[Work to complete] Output the data unchanged and complete, minus the images.

Available records START

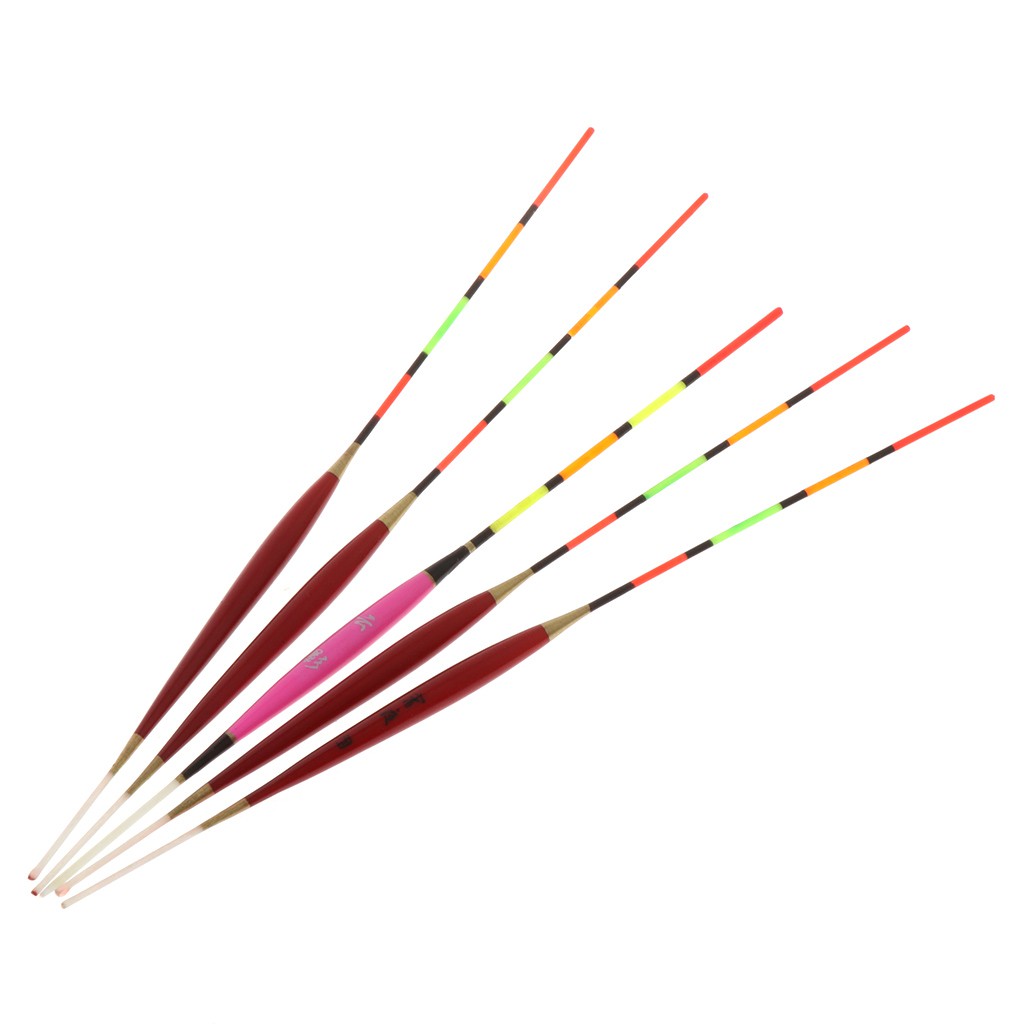 Bộ 5 phao câu cá phát sáng trong bóng tối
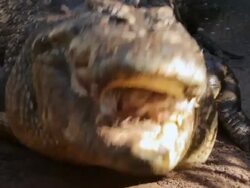 MS View of Crocodile eating bait / Northern Territory, Australia Stock Footage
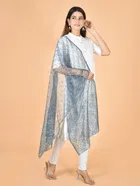 Net Self-Design Dupatta for Women 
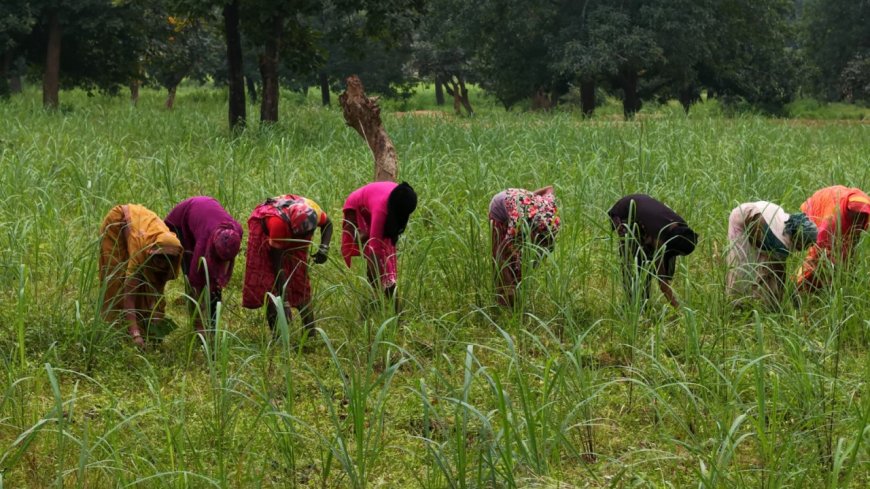 रायपुर : लेमनग्रास की खेती से बदल रही छोटे किसानों की किस्मत लेमनग्रास की खेती से बदल रही छोटे किसानों की किस्मत
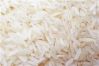 Rice | Rice Exporter |...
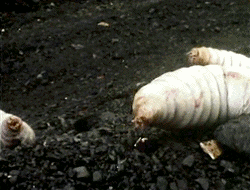 Freaky Maggots Doctor Who Scene GIF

Available records END

[Response below]
 Bộ 5 phao câu cá phát sáng trong bóng tối
 MS View of Crocodile eating bait / Northern Territory, Australia Stock Footage
 Net Self-Design Dupatta for Women 
 रायपुर : लेमनग्रास की खेती से बदल रही छोटे किसानों की किस्मत लेमनग्रास की खेती से बदल रही छोटे किसानों की किस्मत
 Rice | Rice Exporter |...
 Freaky Maggots Doctor Who Scene GIF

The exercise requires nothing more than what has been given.